• Action item:
Omit all images, then repeat exactly the lines below from the one containing "Poppy Skort | Light Denim" through the one containing "May include: A", both ends included.

• The data:
*-*-*

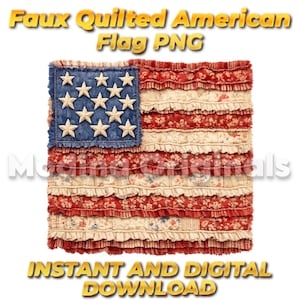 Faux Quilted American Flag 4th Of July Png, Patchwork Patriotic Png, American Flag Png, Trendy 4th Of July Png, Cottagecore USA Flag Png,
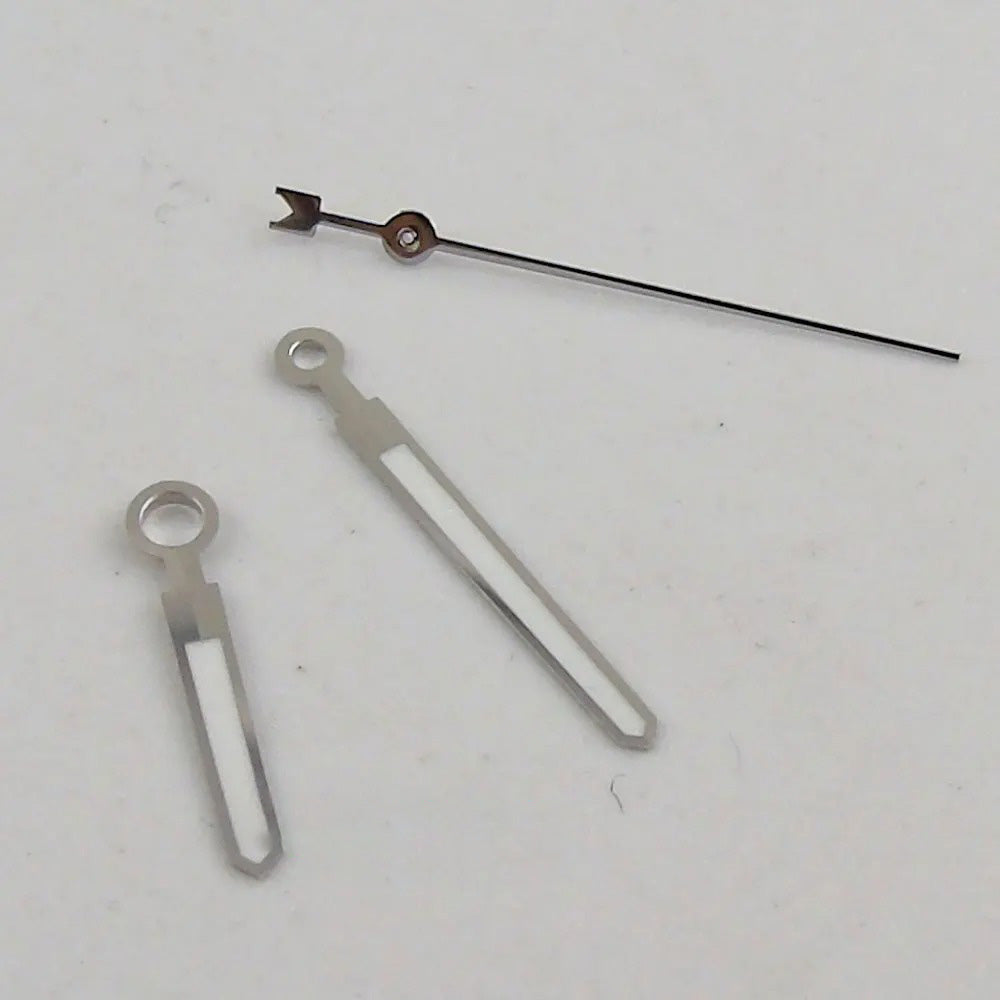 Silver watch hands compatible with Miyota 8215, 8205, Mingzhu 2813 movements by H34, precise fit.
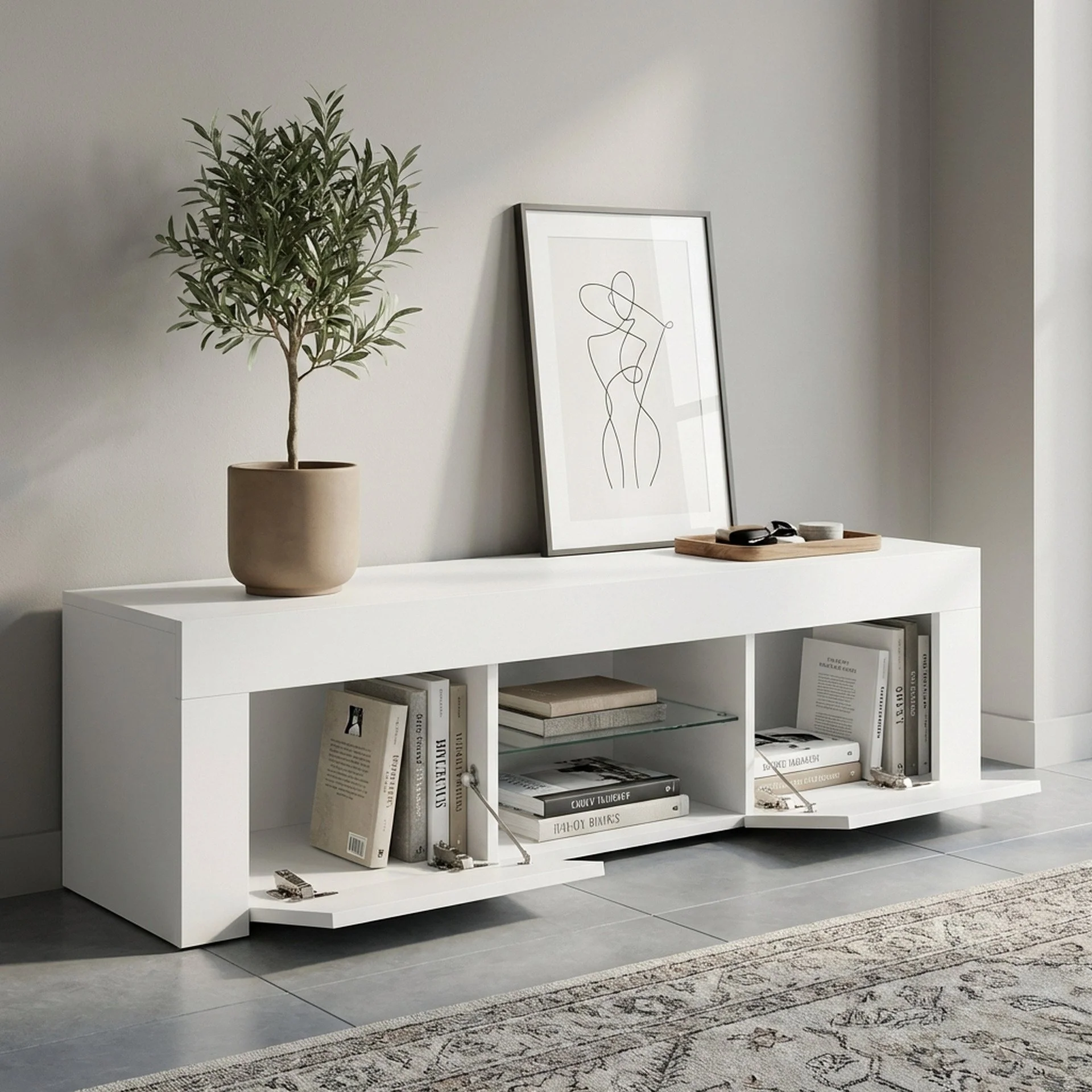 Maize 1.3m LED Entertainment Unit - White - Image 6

*-*-*

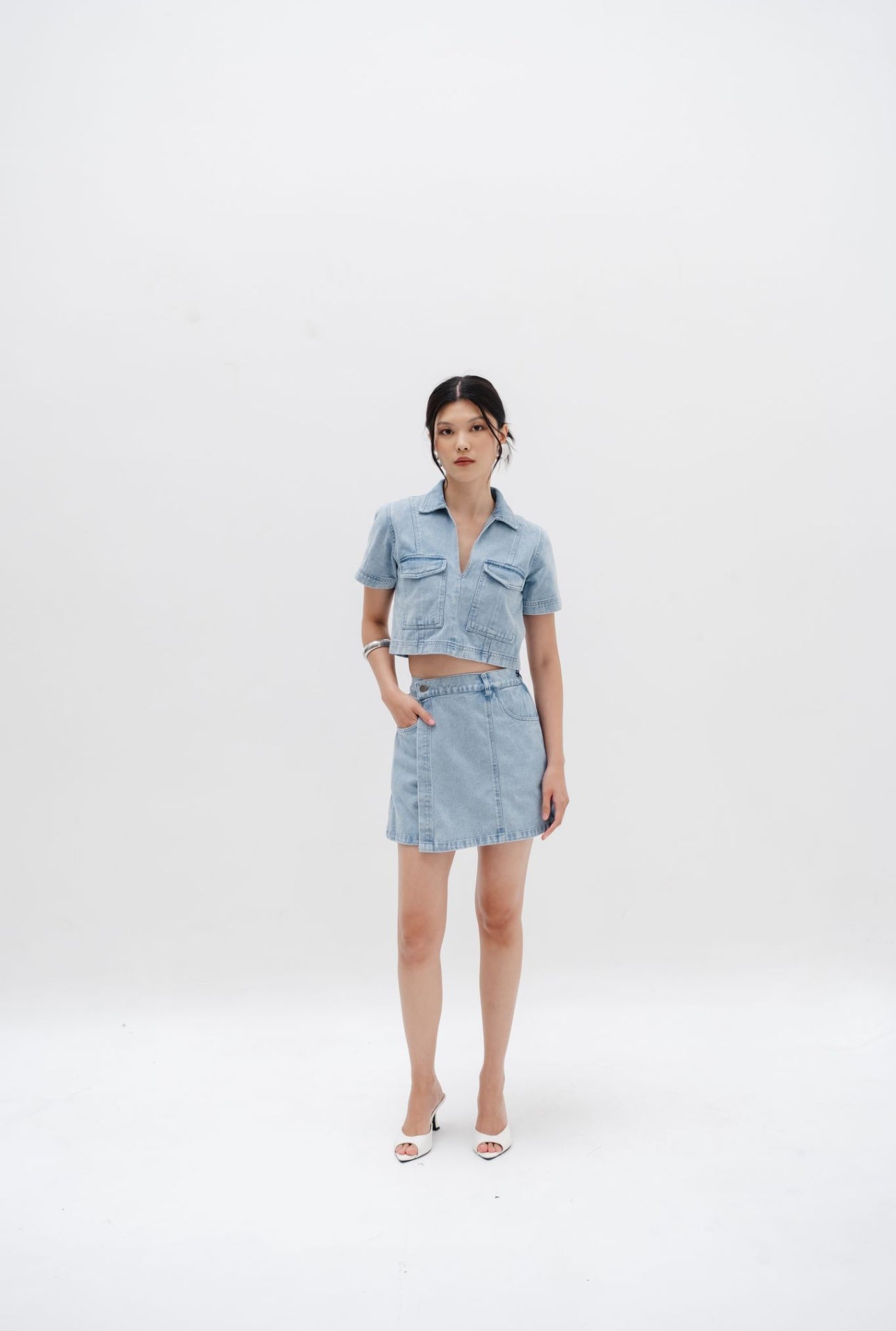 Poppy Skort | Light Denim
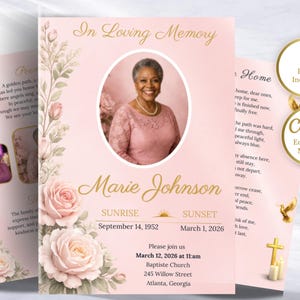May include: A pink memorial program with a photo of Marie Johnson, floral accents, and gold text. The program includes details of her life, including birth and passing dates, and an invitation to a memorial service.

*-*-*

• Response:
 Poppy Skort | Light Denim
May include: A pink memorial program with a photo of Marie Johnson, floral accents, and gold text. The program includes details of her life, including birth and passing dates, and an invitation to a memorial service.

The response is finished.